*EXERCISE DIRECTIONS*. Print exactly the line that contains "Hello, I am" along with every line beneath it to the end of the records below, and omit pictures.

*INPUT FOR THIS TASK*.
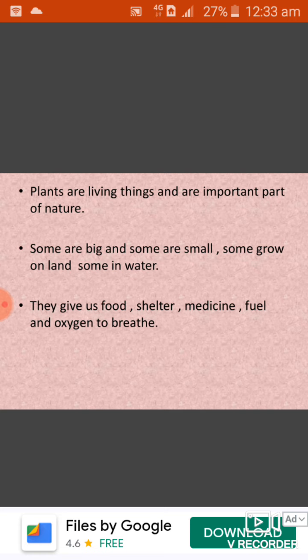Now students, plants are of different sizes and shapes. Some are big and some are small. We have all seen mango and bunion trees — they are very big in size. We have also seen coriander and mint — they are very small. While some plants are medium size, like rose and marigold. Medium means not very big nor very small.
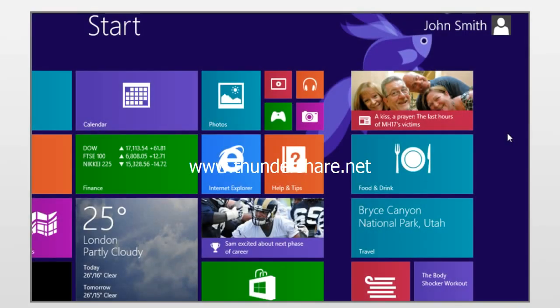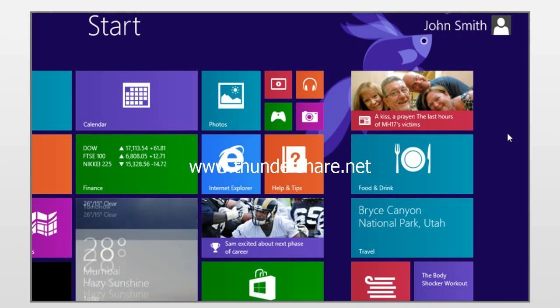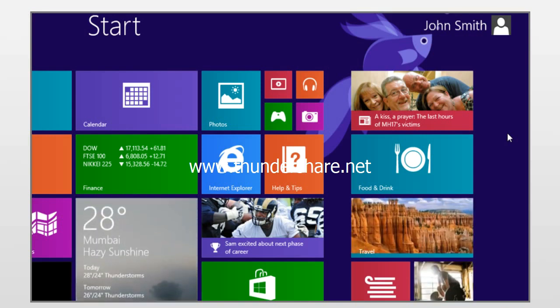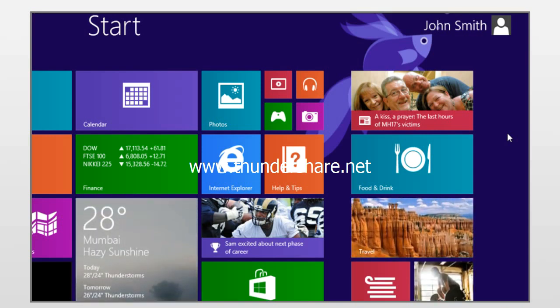Hi friends! There are dozens of ways to shut down your Windows 8.1 PC. Let's go ahead and see how you can shut down your Windows 8.1 PC instantly with the help of keyboard keys.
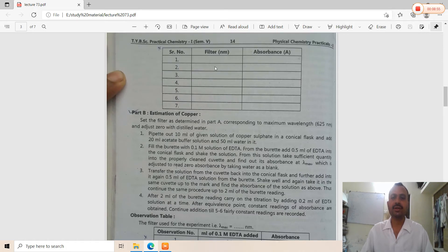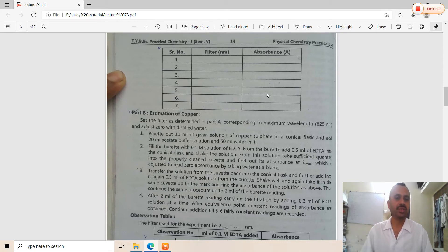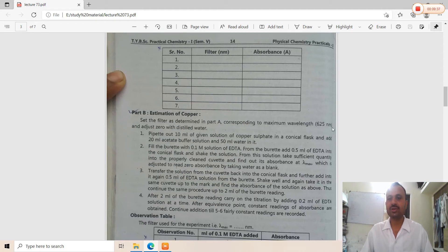The filter wavelengths used are 420, 460, 500, 570, 610, 660, and 710 nm. Record the corresponding absorbance for each filter. Select the wavelength — that is, the lambda max — where the highest absorbance value is obtained, as this corresponds to the highest sensitivity for copper concentration estimation. The selected wavelength is typically around 625 nm, though different values may be obtained.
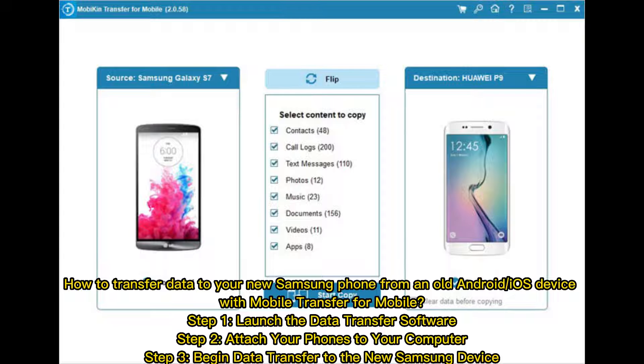Step 2: Attach your phones to your computer. Step 3: Begin data transfer to the new Samsung device.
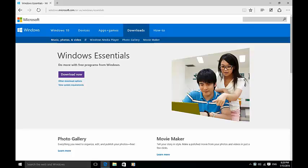A little window will pop up asking if you'd like to allow this app to make changes to your PC, so just say yes.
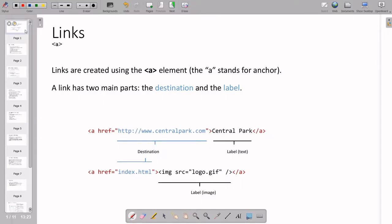Hello, I am Alok. Today I will discuss links in HTML. The element name is 'a', which stands for the anchor tag.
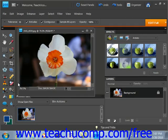The Background Eraser tool lets you erase pixels on a layer to transparency as you drag. This is similar to the Magic Eraser tool, however it also allows you to erase the background while maintaining the edges of an object in the foreground. You can use the settings of this tool to adjust the range of transparency and the sharpness of the boundaries.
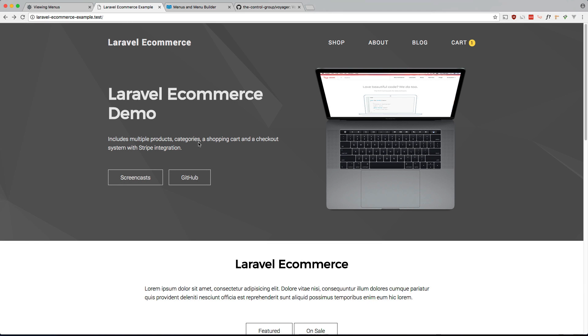What's up guys, welcome back. In this video I'd like to explore the menu builder and how we can use that menu builder in our application.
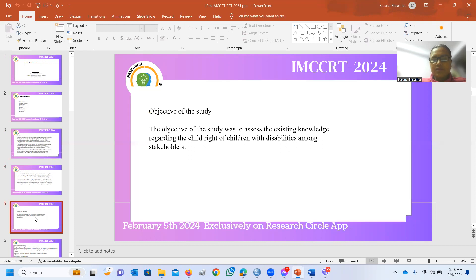The objective of my study was to assess the existing knowledge regarding the rights of children with disability among stakeholders.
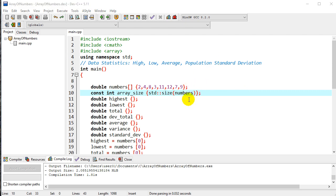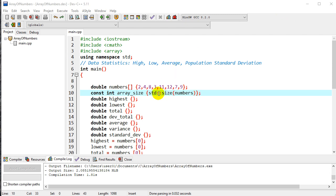If this is available in your compiler, it might be a nicer way to deal with the size of arrays. Hopefully you learned something new about arrays in C++. Thank you.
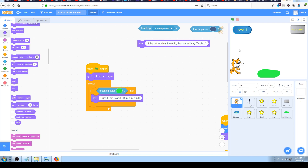A good idea is to have the main character on the front layer and put some shapes behind it if needed. That's not always the case though — sometimes you might have walls in front of the character, so the walls will have to be on the front layer and the cat will be behind them. The problem becomes more complex when you have more than one layer.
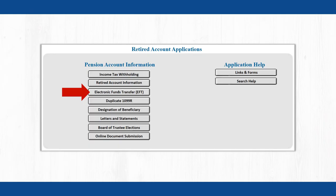To access the application, click the Electronic Funds Transfer button on your Retired MBOS homepage. If you have filed for retirement, you can usually access the Electronic Funds Transfer button from your active MBOS homepage approximately 30 days prior to your retirement date. It will be located under the Retirement button.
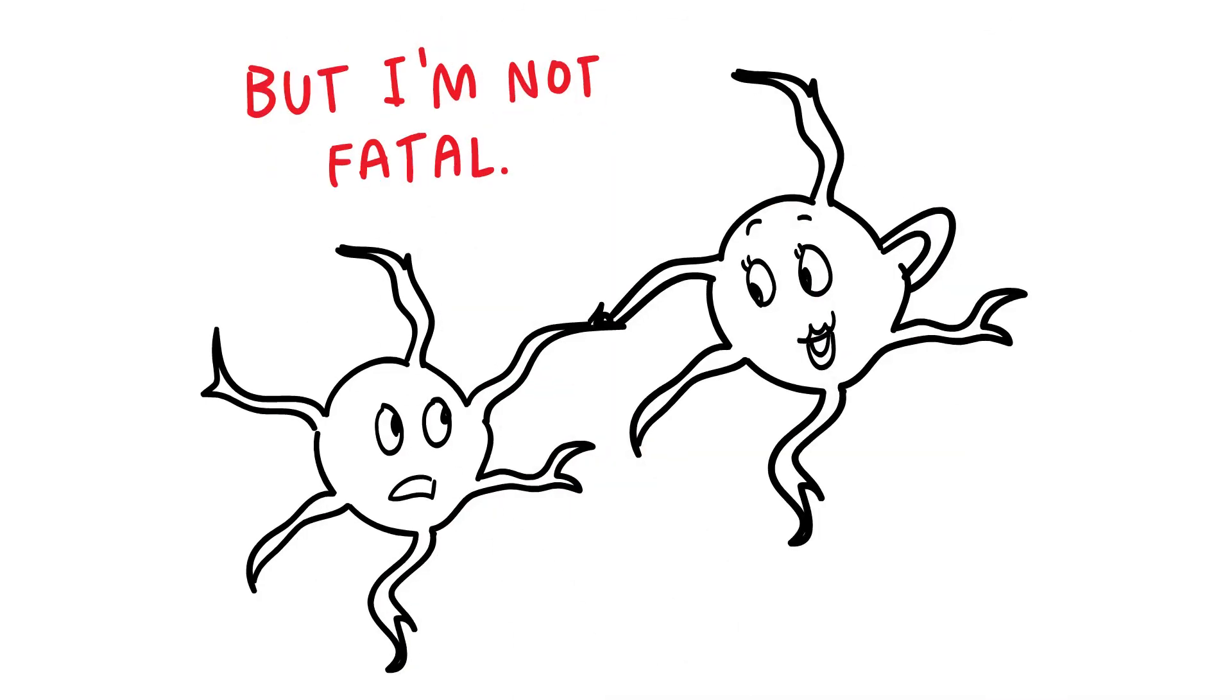I know what you're thinking. No, I'm not fatal. Not usually. I don't want to hurt anyone, really. It always just starts out so innocently, you know.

*THE COMPLETED TASK*.
Hello, I am Alok. Today I will discuss links in HTML. The element name is 'a', which stands for the anchor tag.
The Background Eraser tool lets you erase pixels on a layer to transparency as you drag. This is similar to the Magic Eraser tool, however it also allows you to erase the background while maintaining the edges of an object in the foreground. You can use the settings of this tool to adjust the range of transparency and the sharpness of the boundaries.
What's up guys, welcome back. In this video I'd like to explore the menu builder and how we can use that menu builder in our application.
The objective of my study was to assess the existing knowledge regarding the rights of children with disability among stakeholders.
If this is available in your compiler, it might be a nicer way to deal with the size of arrays. Hopefully you learned something new about arrays in C++. Thank you.
A good idea is to have the main character on the front layer and put some shapes behind it if needed. That's not always the case though — sometimes you might have walls in front of the character, so the walls will have to be on the front layer and the cat will be behind them. The problem becomes more complex when you have more than one layer.
To access the application, click the Electronic Funds Transfer button on your Retired MBOS homepage. If you have filed for retirement, you can usually access the Electronic Funds Transfer button from your active MBOS homepage approximately 30 days prior to your retirement date. It will be located under the Retirement button.
I know what you're thinking. No, I'm not fatal. Not usually. I don't want to hurt anyone, really. It always just starts out so innocently, you know.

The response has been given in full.